**What this task involves:** Please return the listing exactly as written, but without its pictures.

Data: Begin

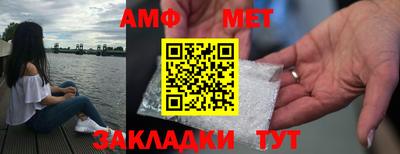 COCAINE Партизанск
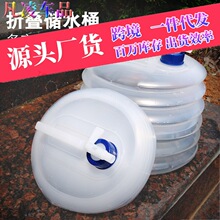 ܇�dˮͰ�����yʽ���sˮͰ���ۯB�����^ˮ�����{����sˮ������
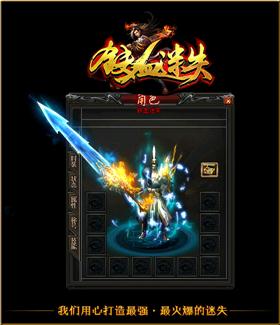 天龙八部私服大便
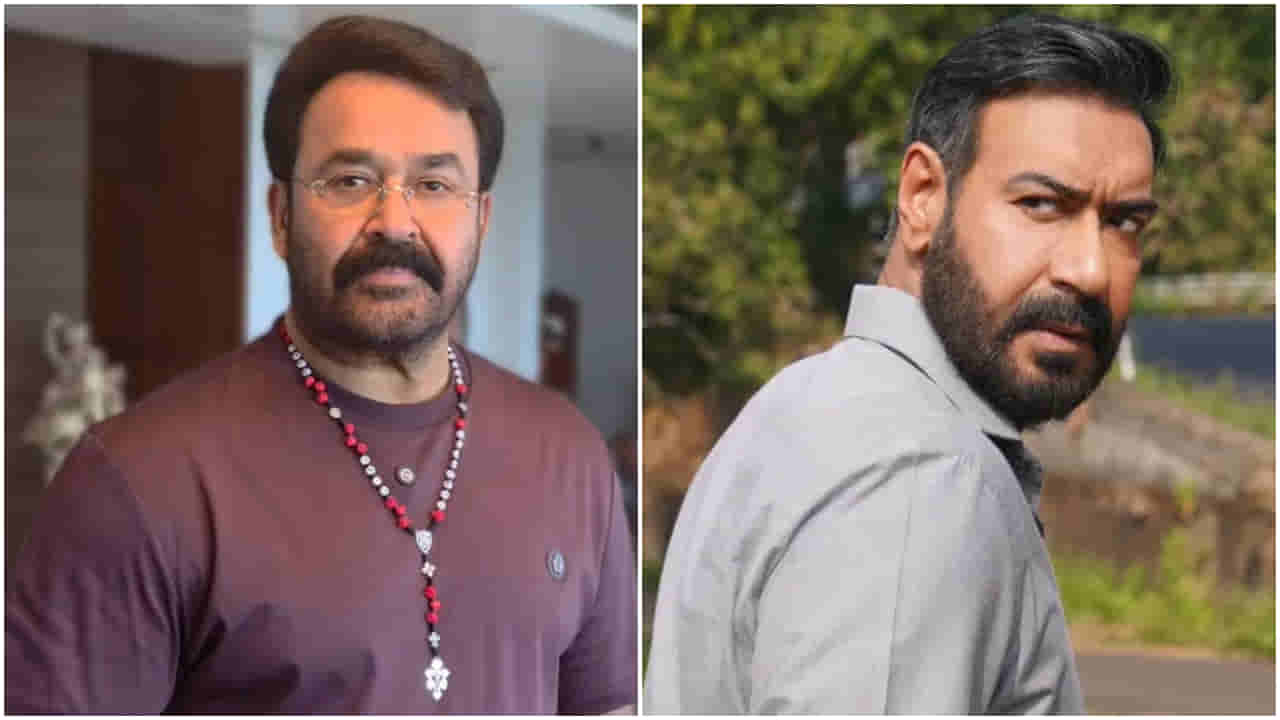ಹಿಂದಿಯ ‘ದೃಶ್ಯಂ 3’ ಸಿನಿಮಾ ನೋಡಿ ಫಿದಾ ಆದ ನಟ ಮೋಹನ್ಲಾಲ್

Data: End

**Answer for the task:**
 COCAINE Партизанск
 ܇�dˮͰ�����yʽ���sˮͰ���ۯB�����^ˮ�����{����sˮ������
 天龙八部私服大便
ಹಿಂದಿಯ ‘ದೃಶ್ಯಂ 3’ ಸಿನಿಮಾ ನೋಡಿ ಫಿದಾ ಆದ ನಟ ಮೋಹನ್ಲಾಲ್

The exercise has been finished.